I have come across this chart that I have found quite useful. Jeff and Doug:appl: always have the parts that I need but it bothers me to pay USPS high shipping rates for a item that only cost a few cents. Maybe you will find it useful also. I have found everything that I have wanted at the local hardware store.


----------



## daveh219 (Sep 16, 2012)

*FINALLY*

Broke..I saw a similar list somewhere a couple of years ago but could never find it again. Thought I had saved it but no...so, thanks a bunch :smilie_daumenpos:


----------



## BrokeCurmudgeon (Feb 8, 2016)

*Warning - chart error?*

I had placed trust into this chart but I have just found out an error. The chart states that S1 is a 40-4 1/4 screw.
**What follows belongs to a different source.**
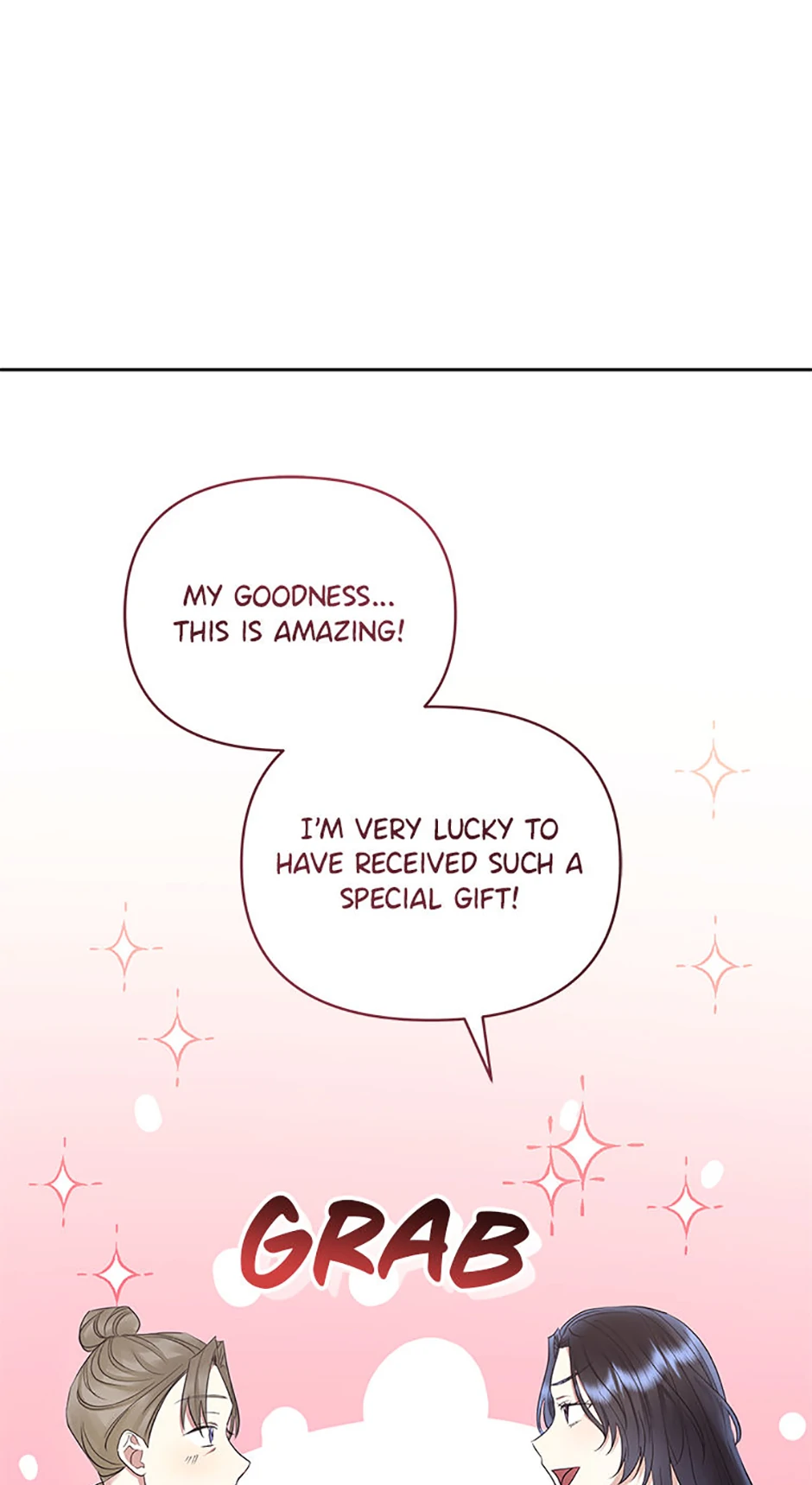 I’m A Villainess, But I Picked Up the Male Lead Chapter 57 - page 9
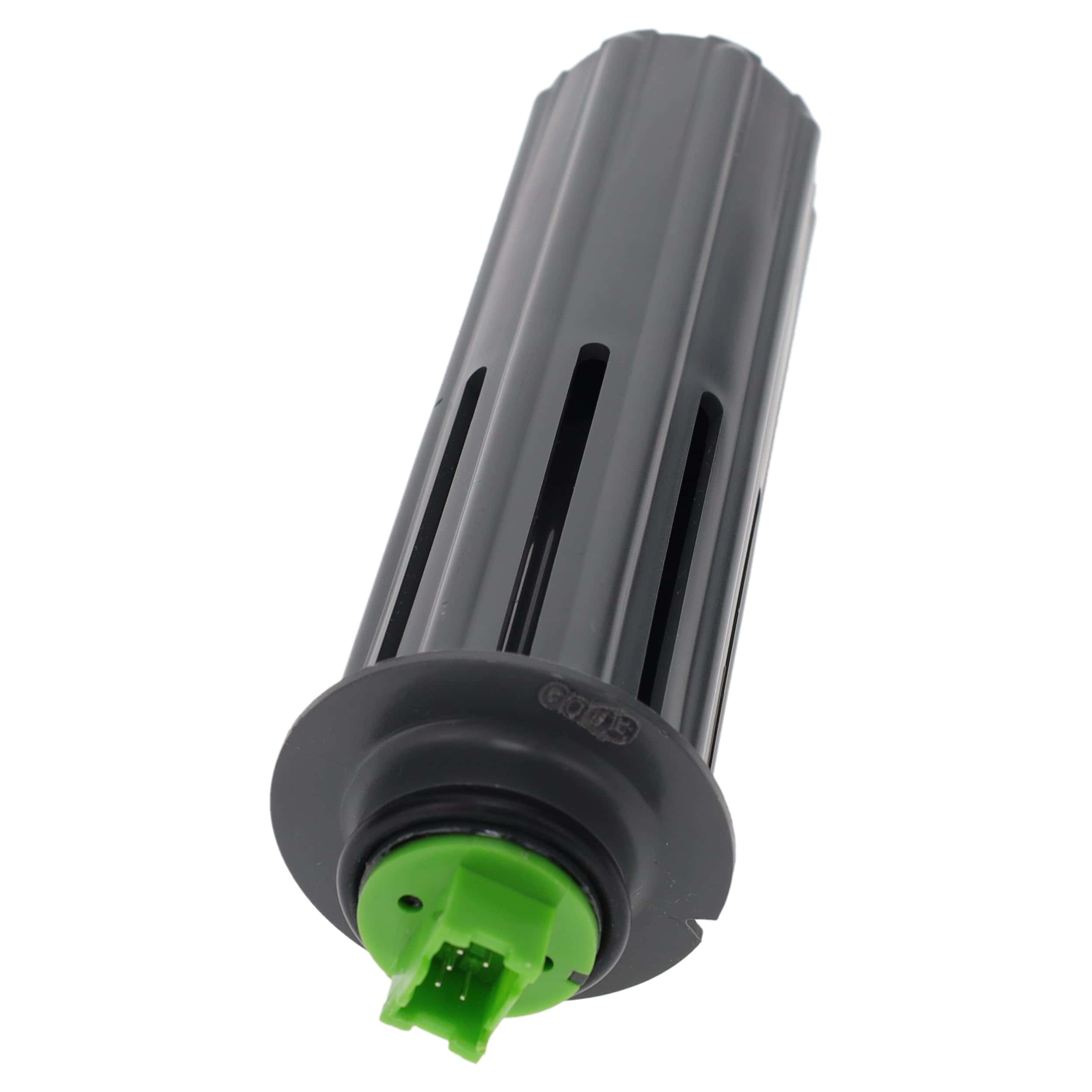 Reemplazo del interruptor de inundación y termistor de - Imagen 4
Not so on my AF336. The AF336 screw is slightly smaller so back to the drawing board I go. I will order some S1 replacements when I build up enough other parts to justify the postage.:smilie_daumenpos::smilie_daumenpos:


----------



## mopac (Feb 24, 2011)

This is how I get my correct AF screws. I look online for a AF parts diagram with part numbers and then get them from Jeff Kane (The Train Tender). I do not think Jeff has parts diagrams on his site. He does have part numbers listed with prices. I can usually get parts shipped from Jeff for 3 to 5 bucks. I think Port Lines shipping is 8 something.
All my locomotives have all their handrails except one K5. Jeff does not have preformed handrails. He does sell straight pieces and then you cut and bend them yourself. I guess that would work. Have not done that yet. I think most of Jeff's screws are around .20 each. I can afford that to get correct screws. I always order extras so I don't have to order that screw again.


I like using correct screws. Using non-correct screws is what busted out screw holes on my 282 (plastic body). With some 
instructions from flyernut I repaired the screw holes with JB Weld. They are fine now.


----------



## dooper (Nov 9, 2015)

Thanks Broke. This will be handy.


----------